Chronique

Duo Audinet Marty

Vitesse Locale

David Audinet (tb), Sylvain Marty (perc)

Label / Distribution : Musique en Friche

Repéré en 2012 avec Drifting Box Celebration, qui dévoilait un jeu radical échauffé par une grande liberté, le batteur Sylvain Marty incarne, avec les frères Arbon, la grande vitalité du collectif clermontois Musique en friche. Le label du même nom, laboratoire dont les couveuses laissent le temps aux musiciens de s’épanouir, offre aujourd’hui avec Vitesse locale un troisième volume en forme de duo. Marty y rencontre le tromboniste David Audinet, lui aussi membre du collectif (on le retrouve notamment dans la fanfare Les Défrichés, vaisseau amiral des agitateurs auvergnats).

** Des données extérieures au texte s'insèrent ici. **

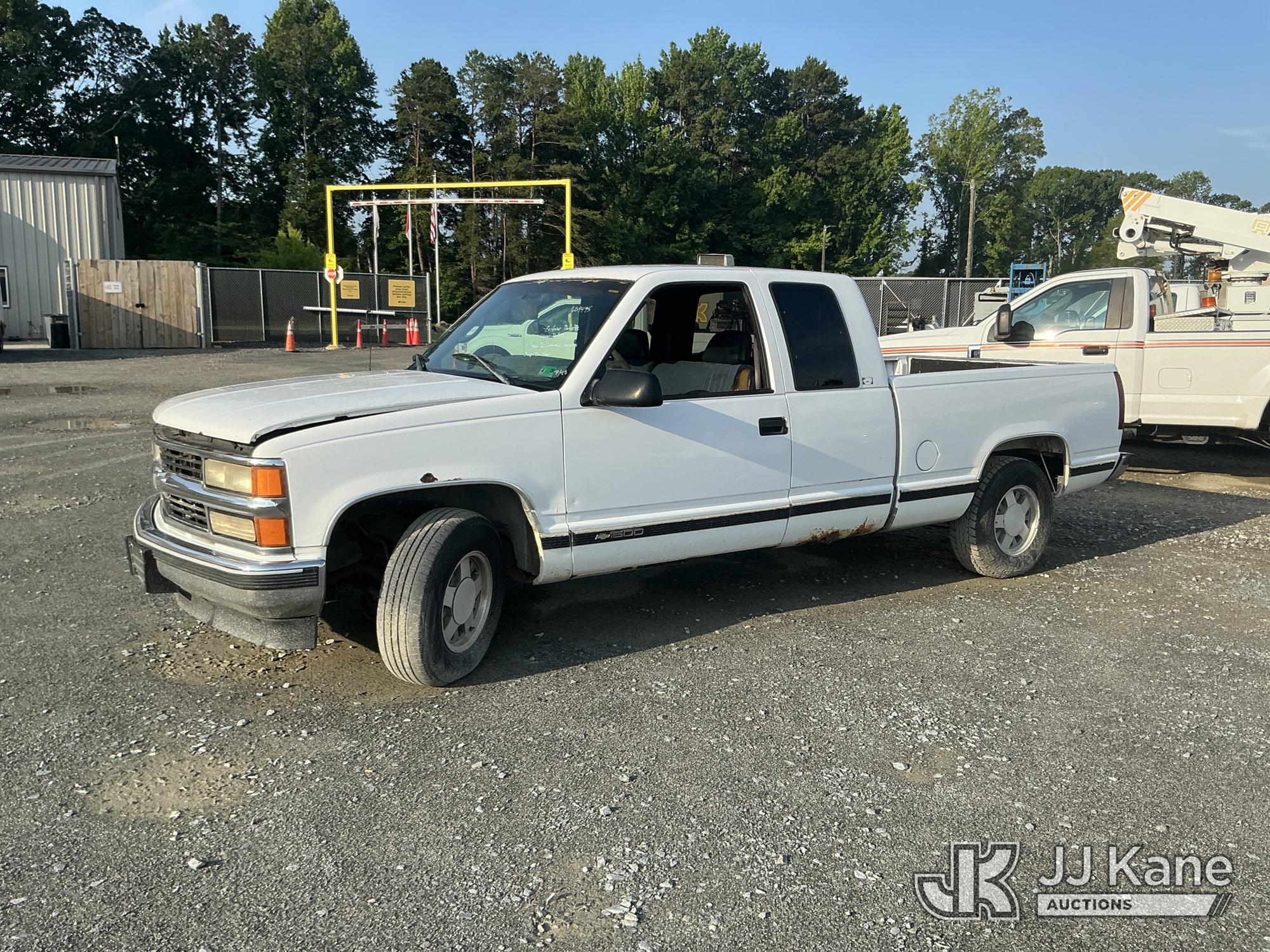 Photo of a 1996 Chevrolet C/K 1500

Les deux improvisateurs travaillent sans concession une masse de silence aux contours épurés, mêlant frottements métalliques des cymbales et souffle ferreux des cuivres. Vitesse locale n’évoque aucun régionalisme. Ici, tout est rapport de force et pénétration dans l’air, friction d’énergie et perforation du mur du son. Dans une improvisation où tout concept d’harmonie est abandonnée au profit d’une tension créatrice, on peine parfois à savoir qui joue quoi. Sur « Espaces troués », le moteur de l’improvisation est-il le le crissement des baguettes sur les peaux tendues ou bien le jeu d’embouchure ? Et sur « Overdose », lequel des deux musiciens se lance dans cette décharge de bruit, ce flux d’électricité à haute tension qui se déverse dans un espace protéiforme ?

Les questions posées par ce jeu de masques restent en suspens et maintiennent l’auditeur sur un constant qui-vive, tressaillant de frappes avortées en glissandos bredouillés. On est parfois déboussolé par le magma grouillant des sons, mais le mouvement général dresse une architecture saillante et réduite à sa perspective la plus crue. De ce maelström, parfois, s’échappe du trombone une bribe de mélodie altérée par une sourdine (« Précipitations »), ou des percussions une nappe de rythmes sur laquelle dansent des notes tenues (« Agitations »). Mais c’est « Déplacements » qui permet au duo sa plus virulente étreinte, lorsqu’un ostinato cuivré vient griffer la peau tendue d’une batterie fulminante. Disque sombre et complexe, Vitesse locale nous plonge dans un univers bouillonnant d’improvisation. On se laisse avec enthousiasme emporter par ce tourbillon d’instantanés.